All other school districts in the state, except Kansas City, have at-large school board elections, said Missouri School Boards Association spokesman Brent Ghan.
While the ruling could lead to other voting methods in Ferguson-Florissant, Missouri law would have to change in order to alter how other school districts vote.
Ghan said at-large voting is typically the “preferable system” because it “works well in most of the state to ensure district-wide representation.”
Cindy Ormsby, the lawyer for the Ferguson-Florissant School District, agreed an at-large voting system “works best for African-American representation.”
She said Monday the district continues to believe the system does not violate the federal Voting Rights Act. She points to the fact that three of the current seven board members are African-American and that black candidates have won seats in each of the past three years.
However, looking at the race of the board members to determine whether there’s a problem is too simplistic, said ACLU Missouri Legal Director Tony Rothert.
“This (case) is really just about the right to elect the candidates of your choice,” he said.
In much of the decision, the judge wades through competing expert testimony on voting patterns in the Ferguson-Florissant district.
In doing so, the judge seeks to determine whether legal standards have been satisfied to demonstrate a violation of voting rights. Those standards are spelled out in the 1986 federal case of Thornberg v. Gingles.
Among those tests is whether voting across the school system has been racially polarized.
More to the point, the judge asks — as prescribed in the Gingles case — whether candidates favored by blacks have been historically less likely to prevail than those favored by whites.
Looking at a decade of election returns, the judge found that to be the case.
Over that period, the most-favored candidates among blacks won three of seven times, compared to seven out of seven victories for the candidate most favored by whites.
In court, the school district focused on the most recent success of black candidates.
Among them is Donna Thurman, who was elected to the board in 2014. The election followed the controversial ouster of Superintendent Art McCoy, who is black and popular among African-Americans.
A year later — following the racial turmoil that accompanied the shooting of Michael Brown by a Ferguson police officer — voters elected Courtney Graves, who is also African-American.
But the judge ruled that the successes of black candidates in both those elections were due to “special circumstances” and are not representative of typical election years.
The case was argued in January. In April, Constance “Connie” Harge, who is black, was elected, securing the most votes of any candidate.
The judge said he considered the most recent election in his ruling, though he did not have the benefit of expert testimony on its significance.
An unequal voice
In 1988, Doris Graham became the first African-American woman to be elected to the board, and she did it without putting her photo on campaign fliers.
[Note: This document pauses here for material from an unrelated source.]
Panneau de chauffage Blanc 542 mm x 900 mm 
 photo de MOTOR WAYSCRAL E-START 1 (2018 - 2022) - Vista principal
Years later, she heard some voters in the district say that they had voted for her thinking she was Delores Graham, a well-known principal who was white.
“Nobody deliberately said we’re going to make it hard for Doris to win,” Doris Graham said. “But the structure that’s in place makes it hard for a black person to win.”
The at-large structure tilts in favor of white candidates with strong civic or business ties in Ferguson, she said.
“They have always felt they are the better to lead the district. They don’t reach out for a black candidate like myself.”
Graham lost her bid for re-election in 2011.
Ormsby, the lawyer for Ferguson-Florissant, said the district is reviewing its options, including an appeal of the court’s decision.
ACLU’s Rothert said he believes the Ferguson-Florissant case highlights state voting methods, including at-large and alternative voting systems, that can cause African-American voters to have an unequal voice.
“The Legislature might want to look at if it’s wise to keep mechanisms in place that tend to dilute the votes of African-Americans,” he said.
Elisa Crouch of the Post-Dispatch contributed to this report.